Der Volksgeist kann die nationale Charaktergemeinschaft nicht erklären, weil er selbst nichts anderes ist, als der in eine metaphysische Wesenheit, in ein Gespenst verwandelte Nationalcharakter. Der Nationalcharakter selbst ist aber, wie wir bereits wissen, keine Erklärung der Handlungsweise irgend eines Individuums, sondern nur die Erkenntnis relativer Gleichartigkeit der Handlungsweisen der Nationsgenossen eines bestimmten Zeitalters. Er ist keine Erklärung, sondern er ist zu erklären.

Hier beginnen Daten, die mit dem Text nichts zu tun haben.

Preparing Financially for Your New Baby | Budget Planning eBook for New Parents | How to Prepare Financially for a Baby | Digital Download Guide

Dies nun, die Erklärung der nationalen Gemeinschaft des Charakters, ist die Aufgabe der Wissenschaft.

Fußnoten

1. Bagehot, Der Ursprung der Nation, Leipzig 1874, S.25.

2. Neue Zeit, XXIII., 2., S.464.

3. Diese Frage, ob der deutsche Arbeiter mit dem deutschen Bourgeois oder mit dem französischen Arbeiter mehr Charaktermerkmale gemein hat, fallt nicht etwa mit der Frage zusammen, ob der deutsche Arbeiter Klassenpolitik oder nationale Politik treiben soll, ob er sich mit den Proletariern aller Länder gegen das internationale Kapital oder mit dem deutschen Bourgeois gegen die anderen Völker vereinigen soll. Denn die Entscheidung dieser Frage hängt von ganz anderen Erwägungen ab als von der Erörterung der Intensität der verschiedenen Charaktergemeinschaften.

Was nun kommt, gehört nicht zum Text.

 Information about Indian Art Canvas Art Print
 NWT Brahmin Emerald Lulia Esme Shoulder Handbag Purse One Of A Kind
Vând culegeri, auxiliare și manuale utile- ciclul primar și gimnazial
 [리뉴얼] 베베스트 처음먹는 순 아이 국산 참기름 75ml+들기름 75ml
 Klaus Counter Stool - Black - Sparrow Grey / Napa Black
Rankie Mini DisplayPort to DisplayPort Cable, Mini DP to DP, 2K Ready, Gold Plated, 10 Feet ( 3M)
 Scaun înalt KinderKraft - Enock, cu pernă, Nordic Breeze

4. Werner Sombart, Die deutsche Volkswirtschaft im 19. Jahrhundert, Berlin 1903, S.128ff.

5. Über die Mängel dieser Anschauung, insbesondere für die Frage der Entstehung des Rechtes, vergleiche Stammler, Wirtschaft und Recht, Leipzig 1896, S.315ff.

6. Noch tiefer fasst Fichte diesen metaphysischen Begriff der Nation, indem er sagt: „Das Ganze der in der Gesellschaft miteinander fortlebenden und sich aus sich selbst immerfort natürlich und geistig erzeugenden Menschen, das insgesamt unter einem gewissen besonderen Gesetze der Entwicklung des Göttlichen aus ihm steht, ist ein Volk. Die Gemeinsamkeit dieses besonderen Gesetzes ist es, was in der ewigen Welt und darum auch in der zeitlichen diese Menge zu einem natürlichen und von sich selbst durchdrungenen Ganzen verbindet.“’ Fichte, Reden an die deutsche Nation, Leipzig, Reclam, S.116. Jeder Mensch ist darnach nichts als eine der unzähligen Erscheinungsweisen des Göttlichen, aber das Göttliche steht unter verschiedenen Gesetzen und nur die Erscheinungsformen des unter demselben Gesetze stehenden Göttlichen bilden die Nationen. Der Volksgeist ist eine der Erscheinungsweisen des Göttlichen, das Lidividnum eine der Erscheinungsweisen des Volksgeistes. Zu dieser Metaphysik der Nation gelangte Fichte, obwohl er früher (Seite 52 der Reclamschen Ausgabe) dem richtigen empirischen Begriffe der Nation sehr nahe gekommen ist. Es ist für den nachkantischen dogmatischen Idealismus charakteristisch, dass er selbst dort, wo er eine Erscheinung empirisch-historisch richtig zu begreifen vermag, sich damit nicht begnügt, sondern die wissenschaftlich richtig bestimmte empirische Erscheinung zur Erscheinungsform einer von ihr unterschiedenen metaphysischen Wesenheit machen will.